Your instructions: Only the lines from the one with "للواء دكتور عبدالفتاح سراج" through the last line of the records below belong in your answer, reproduced exactly and with the pictures left out.

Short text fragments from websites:
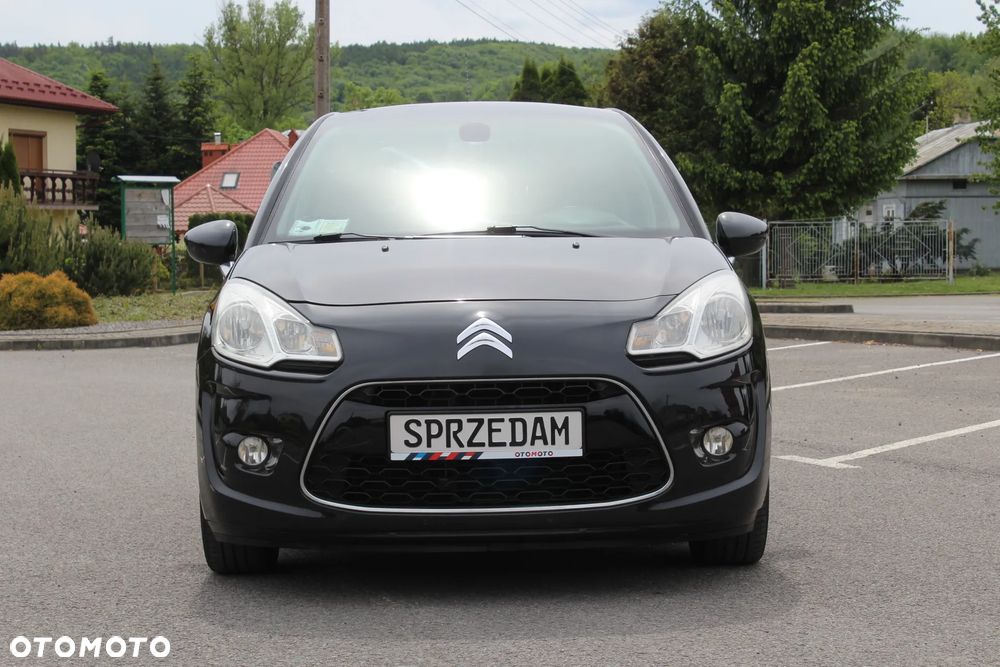 Citroën C3 VTi 95 EGS Exclusive - 10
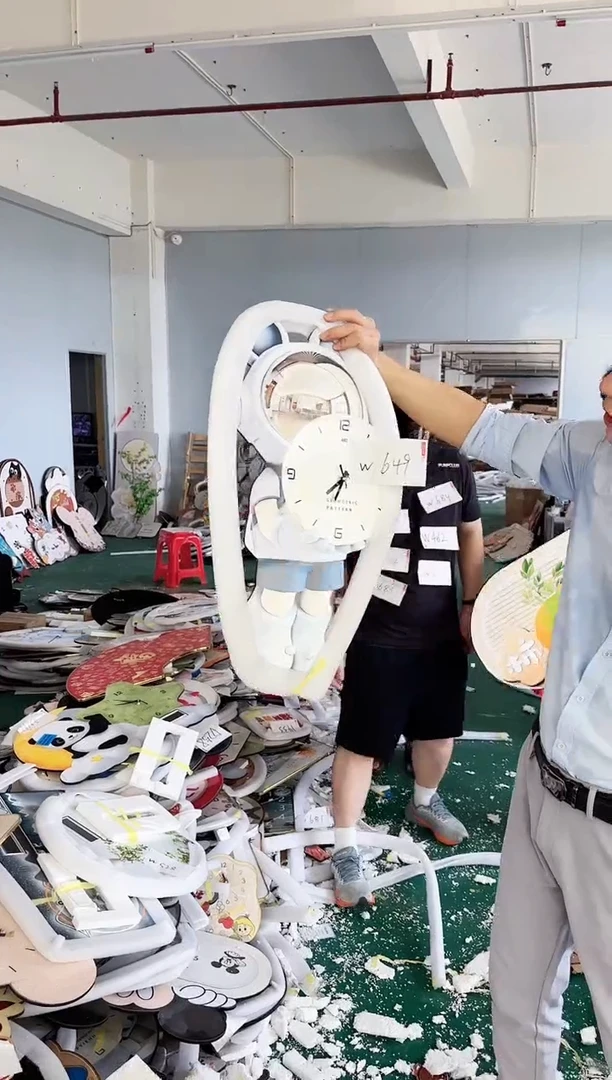 圆形孤品微瑕果果闪购W649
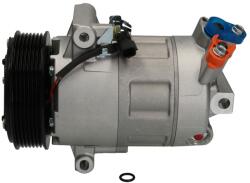 Bosch Compresor, climatizare BOSCH 1 986 AD1 331 (1 986 AD1 331) - automobilus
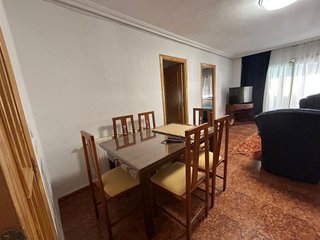 Piso en venta en Santa María en Ciudad Real
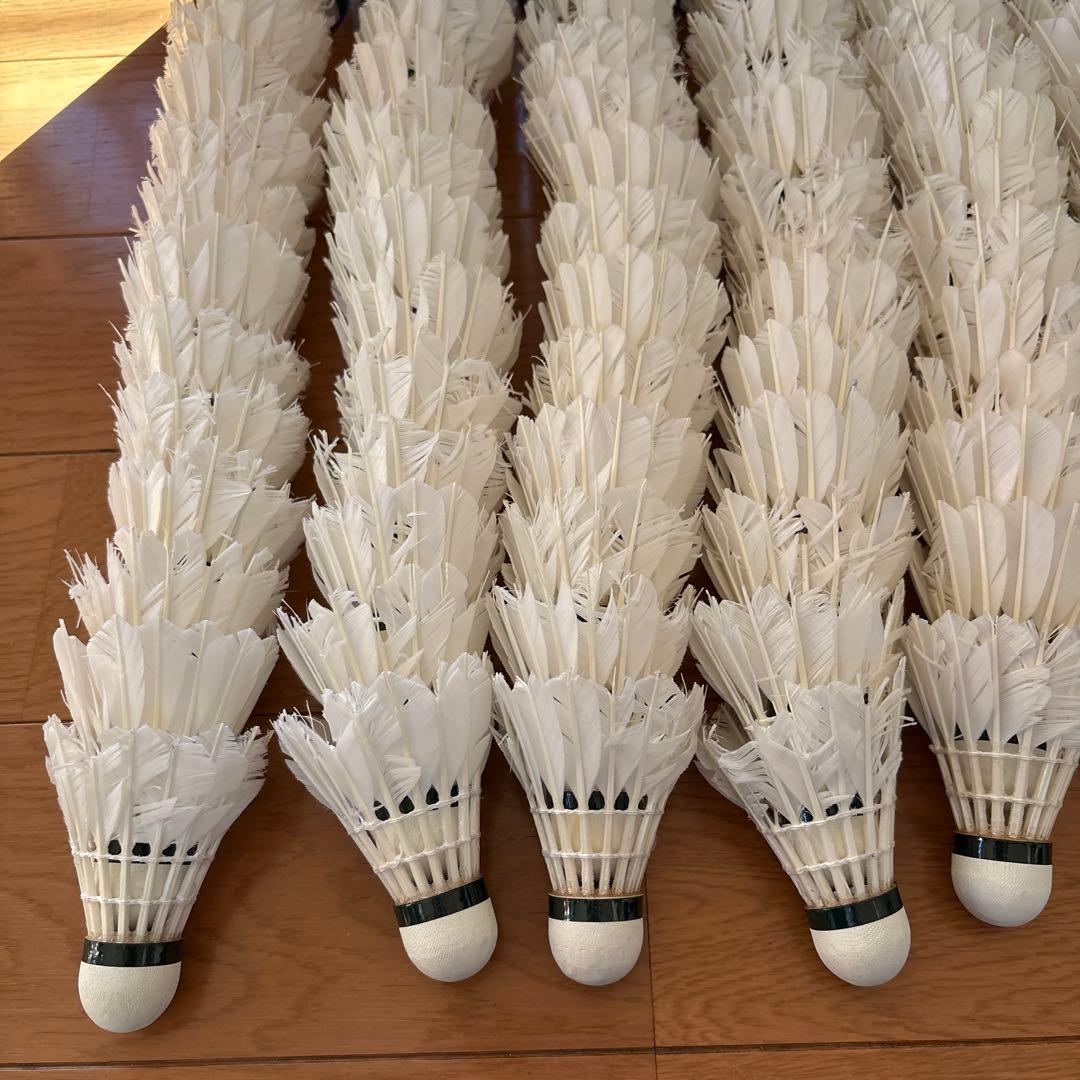 ヨネックスシャトル 12本セット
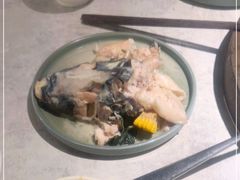 -鲜潭蒸汽石锅鱼(五道口购物中心店)
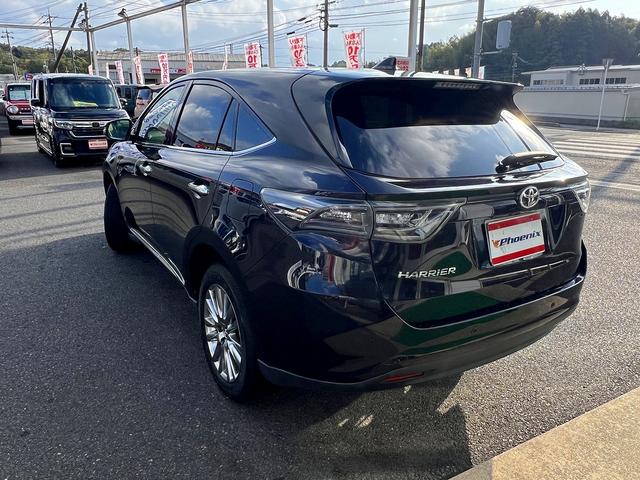 ハリアー プレミアム　アドバンスドＰＫＧ☆ナビ☆ＪＢＬ☆ＳＲ☆試乗ＯＫ　４ＷＤ☆メモリーナビ☆ＪＢＬプレミアムサウンド☆パノラマモニター☆大型サンルーフ☆パワーバックドア☆ハーフレザーシート☆パワーシート☆ＬＥＤライト☆セーフティセンス☆ＥＴＣ☆走行５．１万Ｋ☆試乗ＯＫ（53枚目）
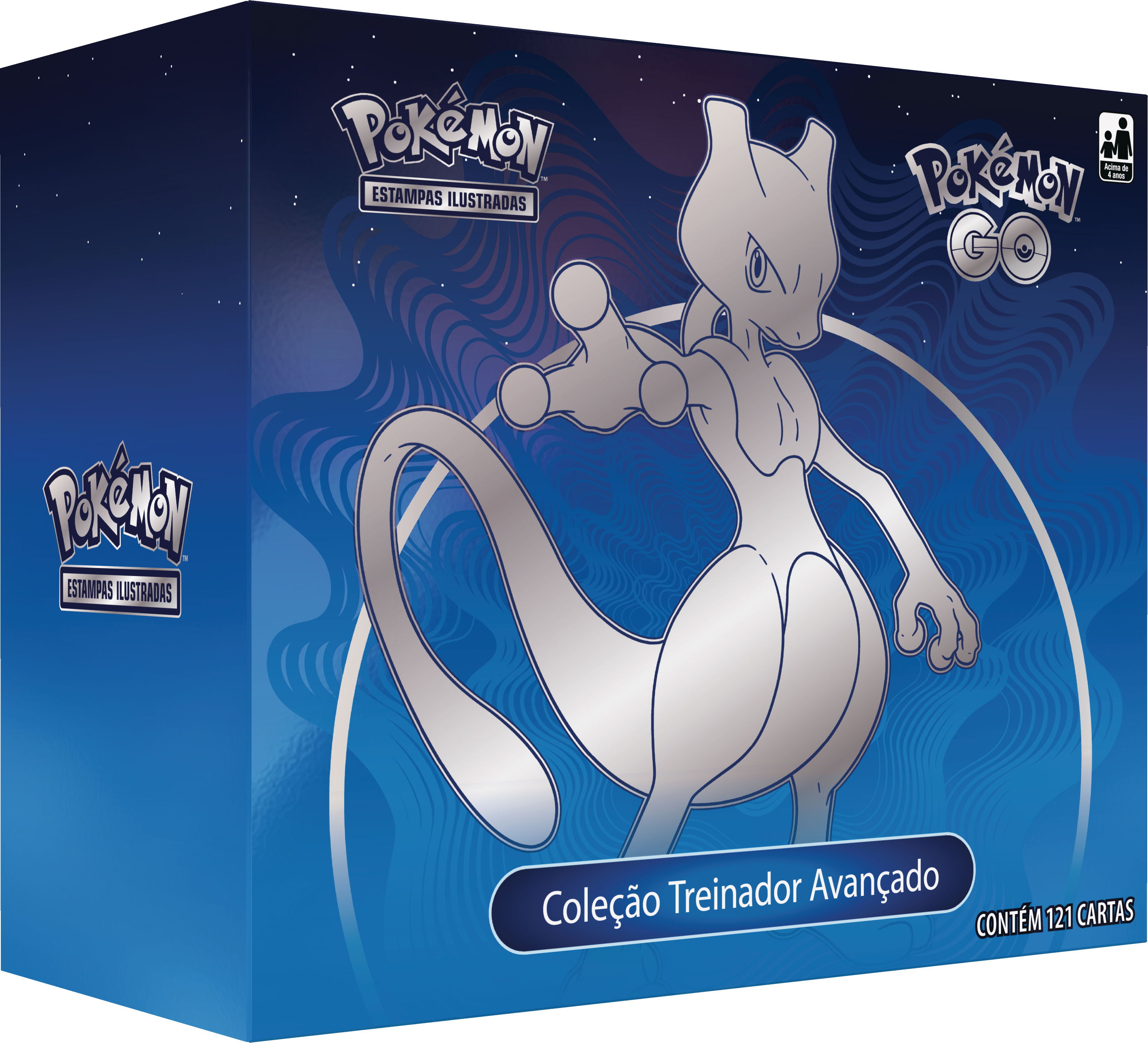 Pokémon TCG - Cartas e Produtos da Coleção de Pokémon GO são Revelados
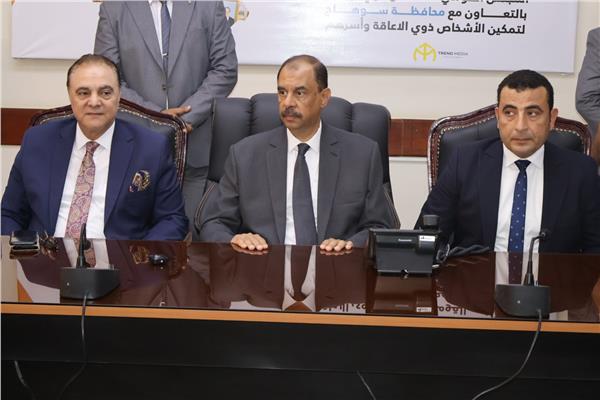 للواء دكتور عبدالفتاح سراج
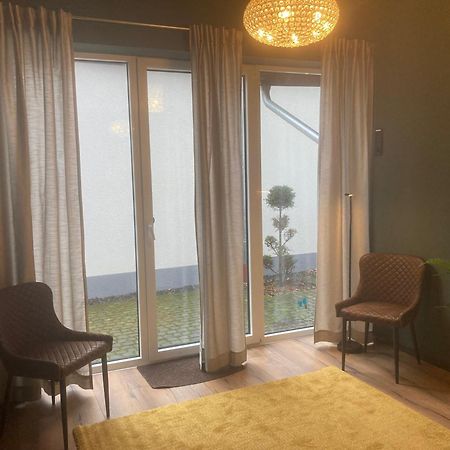 Hotel Zum Alten Schlagbaum Wegberg Eksteriør bilde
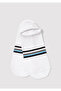 White Ballerina Socks0911316-620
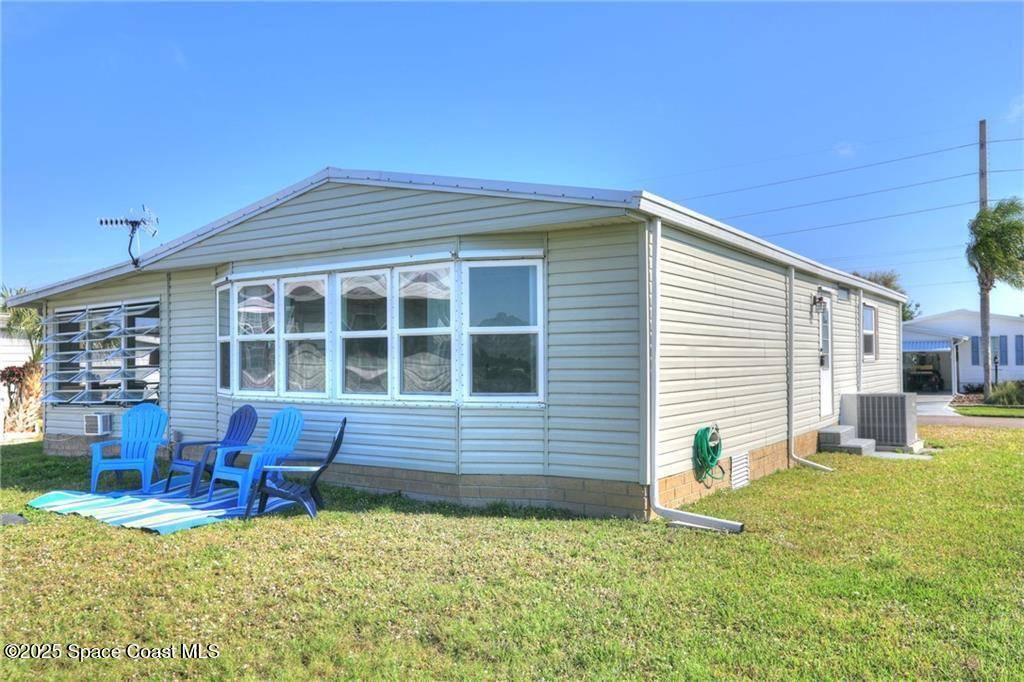 Micco, FL 32976,7622 Great Bear Lake DR #30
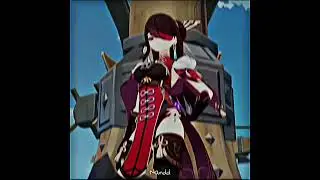 I feel the same thing in dehya and beidou😳 - dehya beidou edit - genshin impact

Result of the exercise:
 للواء دكتور عبدالفتاح سراج
 Hotel Zum Alten Schlagbaum Wegberg Eksteriør bilde
 White Ballerina Socks0911316-620
 Micco, FL 32976,7622 Great Bear Lake DR #30
 I feel the same thing in dehya and beidou😳 - dehya beidou edit - genshin impact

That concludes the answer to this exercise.